### The task
Take the entries that follow and return only the lines from the one with "And that's the" through the final line, leaving every picture behind.

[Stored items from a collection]
────────────────────────────────────────
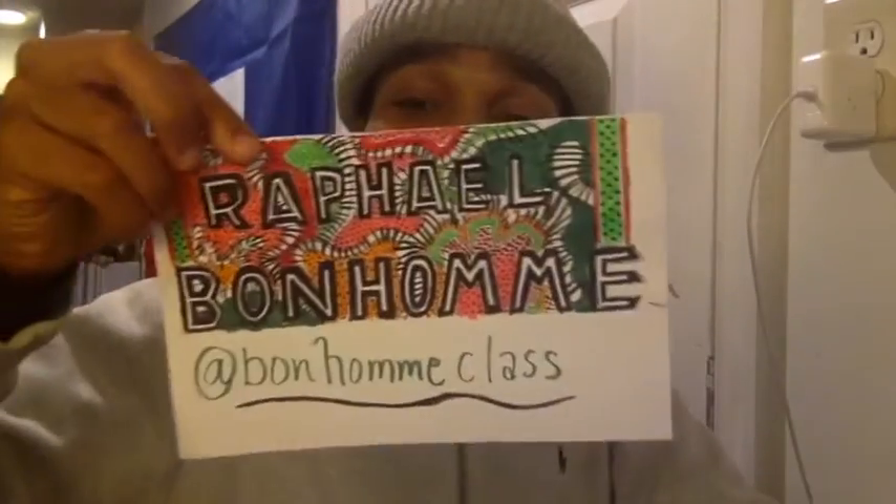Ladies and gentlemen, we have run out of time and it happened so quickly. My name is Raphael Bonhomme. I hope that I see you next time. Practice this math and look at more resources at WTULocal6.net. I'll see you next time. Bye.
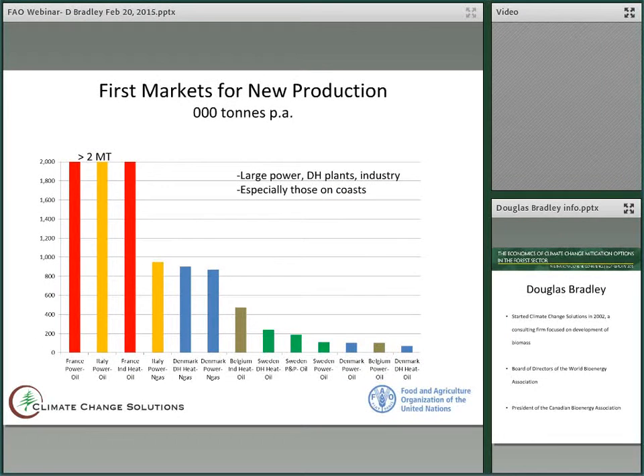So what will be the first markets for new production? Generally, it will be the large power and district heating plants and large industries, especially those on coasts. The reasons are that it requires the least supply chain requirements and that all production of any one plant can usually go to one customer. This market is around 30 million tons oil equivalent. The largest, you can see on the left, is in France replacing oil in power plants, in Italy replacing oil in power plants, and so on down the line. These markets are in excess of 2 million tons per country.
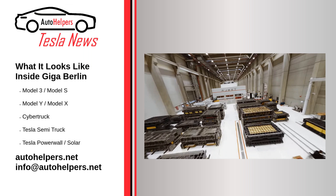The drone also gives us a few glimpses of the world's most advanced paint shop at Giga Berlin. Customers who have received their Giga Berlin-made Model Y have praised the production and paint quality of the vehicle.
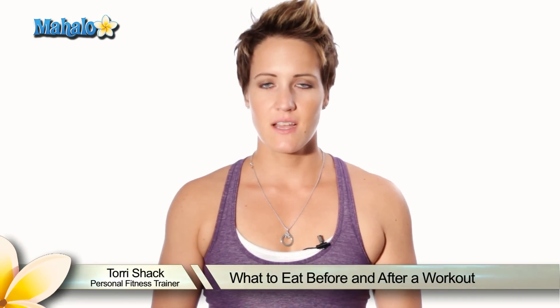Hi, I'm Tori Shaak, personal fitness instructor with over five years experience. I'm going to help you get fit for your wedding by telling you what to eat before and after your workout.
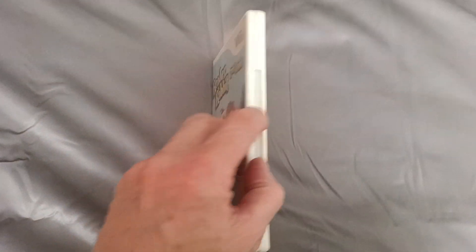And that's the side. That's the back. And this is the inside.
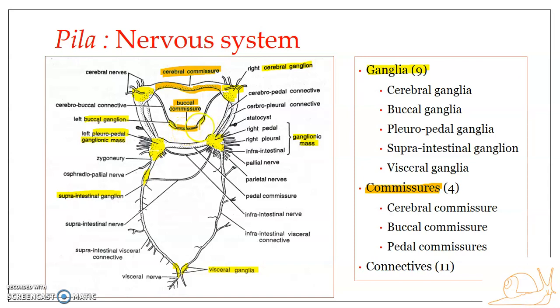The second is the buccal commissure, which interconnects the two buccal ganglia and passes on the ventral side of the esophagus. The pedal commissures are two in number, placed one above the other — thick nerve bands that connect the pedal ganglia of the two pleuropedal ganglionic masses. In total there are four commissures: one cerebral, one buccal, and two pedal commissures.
────────────────────────────────────────
### Reply to the exercise
And that's the side. That's the back. And this is the inside.
The second is the buccal commissure, which interconnects the two buccal ganglia and passes on the ventral side of the esophagus. The pedal commissures are two in number, placed one above the other — thick nerve bands that connect the pedal ganglia of the two pleuropedal ganglionic masses. In total there are four commissures: one cerebral, one buccal, and two pedal commissures.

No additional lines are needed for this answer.